В конце дня Вере стало плохо, и Василий отвез ее в сельскую больницу, где было родильное отделение. Через каждый час он бегал в сельсовет и оттуда по телефону справлялся о жене. Ему отвечали:
— Уж больно вы нетерпеливы!.. А волноваться вам не из-за чего… Бывает, что не вдруг, не сразу…
Василий подозревал, что роды идут ненормально, а его успокаивают. Он отправился к больнице, в темноте обошел вокруг, постоял под окнами. Там тихо. Наверно, она и стонать уже не может? Надо что-то делать, как-то помочь, сейчас, немедленно.
Вбежав в приемную, начал колотить кулаком в дверь.
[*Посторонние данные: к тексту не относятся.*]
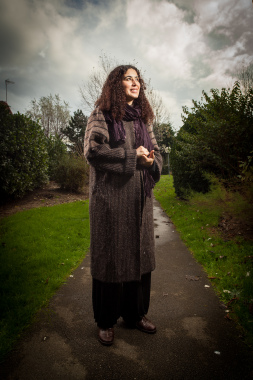 Portrait de Mariam Guerey, salariée du Secours Catholique à Calais. 2015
На стук вышла сестра, маленькая, старая.
— Чего тарабаните? Не у вас одного жена рожает!..
— У нее операция была… Сейчас — первеньким. Говорят, всякое случается...
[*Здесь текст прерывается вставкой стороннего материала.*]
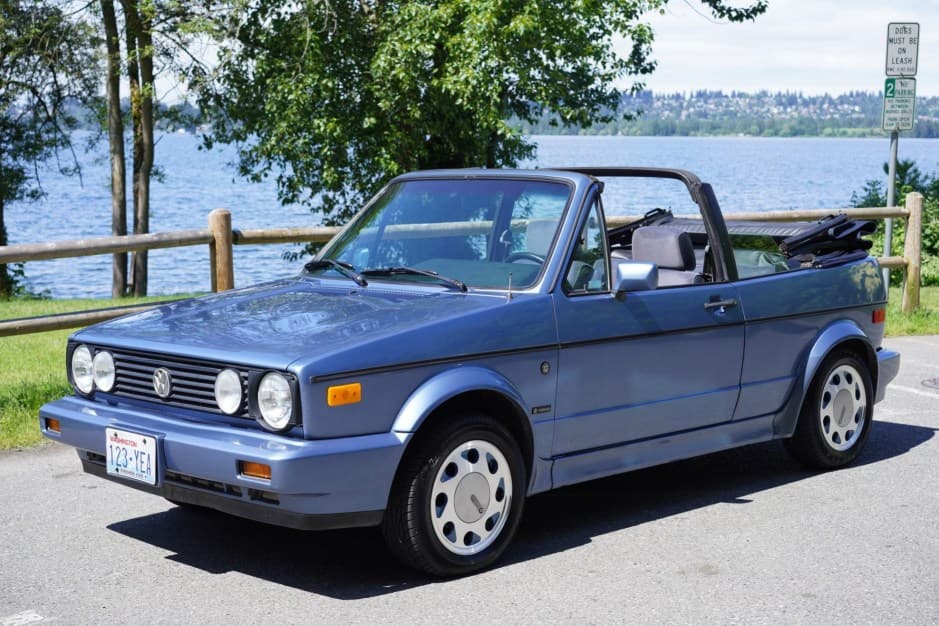 1989 Volkswagen Golf/Rabbit Cabriolet sold for $21,750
— А вы всяких не слушайте…
Нет, он не успокоится, пока не поговорит с акушеркой или с самим врачом. Но отрывать их от дела и забот, быть может, в самую опасную для жизни Веры минуту, Василий не решался. Время тянулось медленно. Он дважды принимался стучать. Перед ним снова появилась неприветливая сестра.
— Ну вот, молодой человек! Мне вы не поверили, а Маргарита Львовна сказала то же самое: нечего волноваться понапрасну. Роды идут.
— Что-то очень долго…
— А вы как думали? Вам — подай сразу. Груздь и тот появляется не вдруг.
Но и этот разговор не успокоил. До рассвета Василий еще несколько раз побывал в больнице. Ему отвечали все теми же словами, и тревога в сердце возрастала. Что же делать? Что делать?..
Он отказался от завтрака; бледный, растерянный, бесцельно бродил по двору.
Вспомнив, что его будут ждать в саду — вчера не успел дать задания звеньям бригады, — он повел мотоцикл к калитке. Озабоченная Кузьминична остановила его:
— Ты, слышь, не рассказывай никому, что Вера мается. — Встретив недоуменный взгляд, пояснила — Говорят, когда никто не знает — роженице легче.
— Чепуха, — отмахнулся Василий.
Его раздражало не это старое поверье, а то, что он про себя не мог решить, заезжать или не заезжать на нижний участок сада. Если заехать, то нельзя будет утаить от Трофима Тимофеевича, что Вера в больнице, что роды идут ненормально и что это может кончиться плохо. Если сказать ему обо всем — он разволнуется, а ведь Маргарита Львовна уже не раз предупреждала: «Берегите старика. В его годы и при его сердце вредно волноваться. Покой, прежде всего покой».
Можно проехать прямо в питомник, а в обеденный перерыв побывать в селе и оттуда привезти старику радость: «Внук!» Или: «Внучка». Ну, а если… если что-нибудь?.. Для него — неожиданный удар. Нельзя так… Сейчас он даст совет. Может, сам съездит в больницу… Только надо постепенно подготовить его…
Легко сказать «подготовить». А как? Отец с первого взгляда почувствует, поймет…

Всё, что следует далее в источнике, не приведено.